Kenya's debt

President of Kenya Cautioning of Significant Consequences Following Unsuccessful $80 Billion Debt Relief Endeavor

Kenya’s debt may increase due to recent protests leading to the rejection of a finance bill by President William Ruto. Ruto plans to halve a $2.7 billion budget deficit and borrow the remainder, yet the funding source remains unspecified. Currently, public debt accounts for approximately 70% of Kenya’s GDP, the highest in two decades.

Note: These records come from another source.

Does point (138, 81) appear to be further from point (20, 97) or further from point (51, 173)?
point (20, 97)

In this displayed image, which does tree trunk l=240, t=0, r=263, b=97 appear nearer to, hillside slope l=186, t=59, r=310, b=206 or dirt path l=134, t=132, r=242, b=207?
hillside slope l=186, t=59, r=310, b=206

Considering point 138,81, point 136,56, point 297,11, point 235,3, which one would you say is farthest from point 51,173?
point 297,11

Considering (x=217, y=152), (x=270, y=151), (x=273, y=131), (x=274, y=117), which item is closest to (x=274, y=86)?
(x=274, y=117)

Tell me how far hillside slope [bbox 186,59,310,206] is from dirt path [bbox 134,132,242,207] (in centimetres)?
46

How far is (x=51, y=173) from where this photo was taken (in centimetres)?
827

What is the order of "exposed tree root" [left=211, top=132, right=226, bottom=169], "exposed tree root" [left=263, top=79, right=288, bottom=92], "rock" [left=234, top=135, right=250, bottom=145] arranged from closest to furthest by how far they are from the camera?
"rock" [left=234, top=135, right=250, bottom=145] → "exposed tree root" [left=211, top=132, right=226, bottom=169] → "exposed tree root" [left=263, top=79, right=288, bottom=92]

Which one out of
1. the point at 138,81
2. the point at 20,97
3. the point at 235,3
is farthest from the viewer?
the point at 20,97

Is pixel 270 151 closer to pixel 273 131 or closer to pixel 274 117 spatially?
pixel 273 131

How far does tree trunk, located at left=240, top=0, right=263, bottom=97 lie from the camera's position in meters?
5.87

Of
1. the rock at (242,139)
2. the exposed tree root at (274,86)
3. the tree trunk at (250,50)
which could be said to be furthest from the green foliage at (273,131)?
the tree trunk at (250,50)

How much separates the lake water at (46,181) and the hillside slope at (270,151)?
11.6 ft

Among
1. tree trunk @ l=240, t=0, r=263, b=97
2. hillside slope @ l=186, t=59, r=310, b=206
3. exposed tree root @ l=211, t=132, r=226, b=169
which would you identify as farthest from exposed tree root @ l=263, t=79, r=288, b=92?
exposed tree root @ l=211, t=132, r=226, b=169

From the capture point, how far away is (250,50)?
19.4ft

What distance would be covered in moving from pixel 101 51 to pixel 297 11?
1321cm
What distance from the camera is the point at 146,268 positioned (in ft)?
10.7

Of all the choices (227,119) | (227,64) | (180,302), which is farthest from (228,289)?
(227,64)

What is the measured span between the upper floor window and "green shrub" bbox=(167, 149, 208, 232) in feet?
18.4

The crucial issue lies in how the government will repay debts without upsetting Kenyans or stalling the economy. Economist Mbui Wagacha proposes establishing a professional budget and management entity akin to the U.S.’s Office of Management and Budget. Presently, the treasury estimates budgets and submits them to the parliamentary finance committee for bill creation.

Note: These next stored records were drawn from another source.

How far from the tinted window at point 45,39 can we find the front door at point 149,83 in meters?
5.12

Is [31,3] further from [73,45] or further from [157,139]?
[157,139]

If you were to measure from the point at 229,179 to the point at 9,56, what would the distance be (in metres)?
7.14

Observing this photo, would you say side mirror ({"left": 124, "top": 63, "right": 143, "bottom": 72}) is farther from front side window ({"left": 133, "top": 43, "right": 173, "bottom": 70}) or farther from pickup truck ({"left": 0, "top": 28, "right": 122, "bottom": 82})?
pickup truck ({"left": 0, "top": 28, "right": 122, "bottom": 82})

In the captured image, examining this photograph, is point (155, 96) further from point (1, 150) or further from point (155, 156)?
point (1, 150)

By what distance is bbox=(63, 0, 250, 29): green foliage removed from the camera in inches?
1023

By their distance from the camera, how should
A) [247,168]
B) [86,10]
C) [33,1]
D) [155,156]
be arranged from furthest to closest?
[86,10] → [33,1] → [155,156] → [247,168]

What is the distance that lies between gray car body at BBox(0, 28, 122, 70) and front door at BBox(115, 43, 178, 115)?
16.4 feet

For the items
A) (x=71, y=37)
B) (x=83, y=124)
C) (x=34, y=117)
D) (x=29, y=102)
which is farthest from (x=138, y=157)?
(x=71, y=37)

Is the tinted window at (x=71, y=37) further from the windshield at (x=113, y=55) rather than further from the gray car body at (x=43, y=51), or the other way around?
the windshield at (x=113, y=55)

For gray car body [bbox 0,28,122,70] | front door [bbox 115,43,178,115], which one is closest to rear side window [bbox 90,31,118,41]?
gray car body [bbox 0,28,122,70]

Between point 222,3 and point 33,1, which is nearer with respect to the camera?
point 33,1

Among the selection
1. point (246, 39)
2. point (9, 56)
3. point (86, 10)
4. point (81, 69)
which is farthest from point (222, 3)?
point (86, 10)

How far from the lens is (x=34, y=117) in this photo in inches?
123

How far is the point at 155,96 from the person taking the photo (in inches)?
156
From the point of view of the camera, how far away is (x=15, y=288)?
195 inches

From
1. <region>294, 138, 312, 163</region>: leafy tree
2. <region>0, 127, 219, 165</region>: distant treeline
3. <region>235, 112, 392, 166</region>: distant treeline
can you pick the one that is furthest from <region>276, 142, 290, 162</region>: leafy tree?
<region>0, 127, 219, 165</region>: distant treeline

Economist Ken Gichinga asserts that increased government borrowing will hinder Kenya’s economic growth, particularly as businesses struggle post-COVID and amid the Ukraine conflict. He advocates for simplifying access to low-interest credit for vital sectors like tourism and agriculture, emphasizing the role of small businesses in Kenya’s economic development.

The IMF, implicated in some contentious tax adjustments, has faced public discontent in Kenya. In a recent statement, the IMF expressed commitment to monitoring Kenya’s situation, aiming to aid the country in overcoming economic challenges, enhancing economic prospects, and improving the well-being of its populace.